Tapi saat masuk di dunia kuliah, wawasan dan lingkungan kampus membuka banyak hal. Energi masa kecil ini muncul lagi dan mengarahkan saya untuk masuk ke unit kegiatan teater di kampus UNISBA yaitu STUBA (Studi Teater Unisba) pada tahun 1997. Saya masuk kuliah tahun 1996, tapi mulai beraktifitas di unit kegiatan teater pada tahun 1997. Masa berteater itu masa yang sulit dilupakan karena telah memberi banyak manfaat pada kehidupan saya dikemudian hari, bahkan di dunia yang sekarang saya geluti yaitu blogger. Kehidupan saya tidak terlepas dari pengalaman-pengalaman dalam berteater dan berkesenian di Bandung. Banyak stimulus dan peristiwa teater yang membuat khazanah pengetahuan meningkat. Dalam teater belajar kami belajar respon merespon dan berinisiatif tinggi, saling mengisi, impovisasi untuk menanggulangi kesalahan di atas panggung, menyelesaikkan masalah tepat waktu, menyelesaikan masalah sesederhana dan setepat mungkin. Proses ini memberi efek, bekal yang sangat berarti yang bisa diterapkan di kehidupan nyata.

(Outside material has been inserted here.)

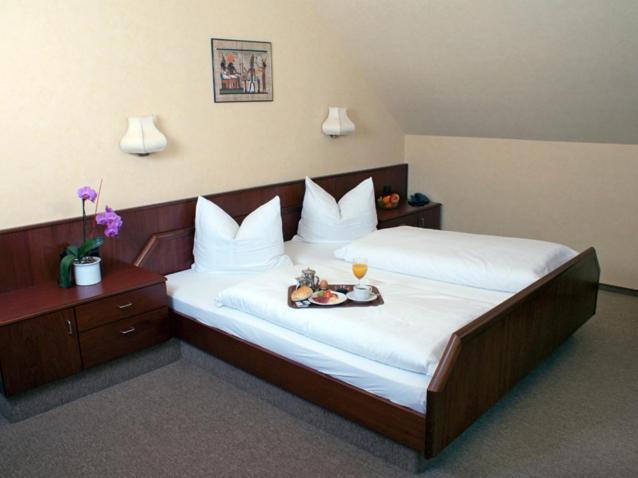 Hotel-Restaurant Lowen Süßen Pokoj fotografie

Saya mau cerita tentang atmosfir seni pertunjukan (teater) sekitar tahun 1997-2005, karena di pertengahan tahun 2006 saya berhenti main teater. Sebuah pengalaman dan situasi yang unforgettable moment Bandung pisan yang menjadi bagian dari sejarah hidup saya. Mungkin buat orang-orang yang baca tulisan ini biasa saja, karena setiap orang pasti punya pengalaman batin dan orientasi yang berbeda-beda. Tapi buat saya yang pemalu, pengalaman ini sangat berharga, karena ini yang membukakan sudut pandang kehidupan untuk saya, termasuk memunculkan keberanian dan energi berkarya yang terpelihara hingga sekarang.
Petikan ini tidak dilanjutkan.